Raccolta di firme per scongiurare lo smantellamento della struttura di gioco L’assessore Verna: l’impianto non è interessato dai primi cantieri per i lavori
LANCIANO. C’è la petizione per salvare l’Esposito. Dopo giorni di proteste di genitori, nonni, società sportive che chiedono di non smantellare il campo di Villa delle Rose, è l’associazione “Lanciano in movimento” a lanciare la raccolta firme. Banchetto lungo il Corso da ieri e nei prossimi giorni per raccogliere le firme e chiedere al sindaco Mario Pupillo “di rimodulare il progetto Central park per salvaguardare il campo Esposito, per tutelare lo sviluppo psicofisico di 600 bambini e ragazzi, di oltre 200 amatori che possono continuare così a svolgere attività nel cuore di Lanciano in una struttura sicura, circondata da attività commerciali e servizi che danno alle famiglie la possibilità di trascorrere in tranquillità l'attesa della fine dell'attività sportiva dei propri figli”.

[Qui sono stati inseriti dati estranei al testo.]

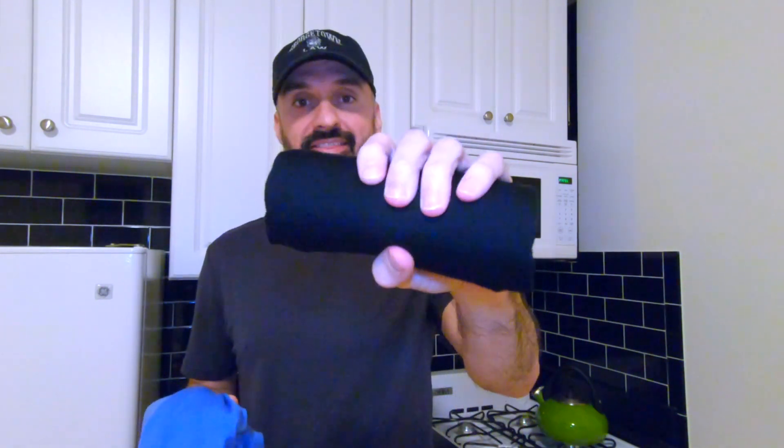So today I'm going to tell you how you turn a shirt like this into a rolled shirt like this.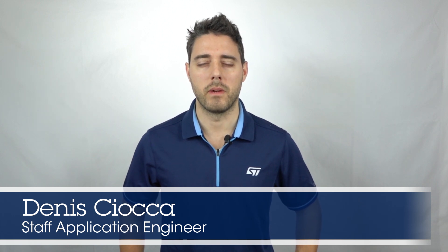Hello everyone, my name is Dennis. I'm an application engineer at STMicroelectronics.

I genitori prima, le associazioni poi e ora la petizione sottolineano il valore della struttura come punto di aggregazione specialmente per i ragazzi. Una struttura che attorno al campo di calcio ha costruito una storia di circa cento anni e che mancando creerebbe anche il problema della carenza di spazi da gioco. Non solo: per “Lanciano in movimento” spostando questo centro di aggregazione fuori dal centro città “si creerebbero problemi a molti ragazzi che arrivano al campo con i mezzi che si fermano nella stazione dell’ex ferrovia Sangritana, e si perderebbe quel flusso di persone che rivitalizzano il centro durante tutta la settimana e in diverse ore”.
Secondo il progetto del Central park Valente, il rettangolo di gioco sarà eliminato perché dovrà fare posto all’arena per gli spettacoli all’aperto e al camminamento che dal Corso arriva fino all’ex Torrieri. «In città mancano strutture per grandi spettacoli e l’arena ospiterà circa 6mila persone», spiega il vicesindaco Giacinto Verna, «poi il progetto è noto da anni con la bonifica delle stalle, nuova illuminazione, pista ciclopedonale e arena al posto del campo. Stiamo aprendo le buste della gara per questo secondo lotto di lavori che concluderemo entro fine giugno, non possiamo cambiarlo. Ad ogni modo l’Esposito riavrà l’omologazione e chiederemo alla ditta che si aggiudicherà i lavori di lasciarlo fuori inizialmente. Anche alla ripresa dei campionati a settembre avremo l’Esposito, oltre al Di Meco e Re di Coppe. Il progetto per il grande parco verde cittadino è aperto a varianti in corso d’opera e anche a un terzo lotto di lavori per sistemare il campo di basket, da skate e roller e stiamo lavorando per creare proprio vicino a quest’area un campo in erba per le scuole calcio, adatto anche secondo la Figc, per i bambini dai dai 3 ai 12 anni: così l’area può mantenere la funzione sociale e aggregativa».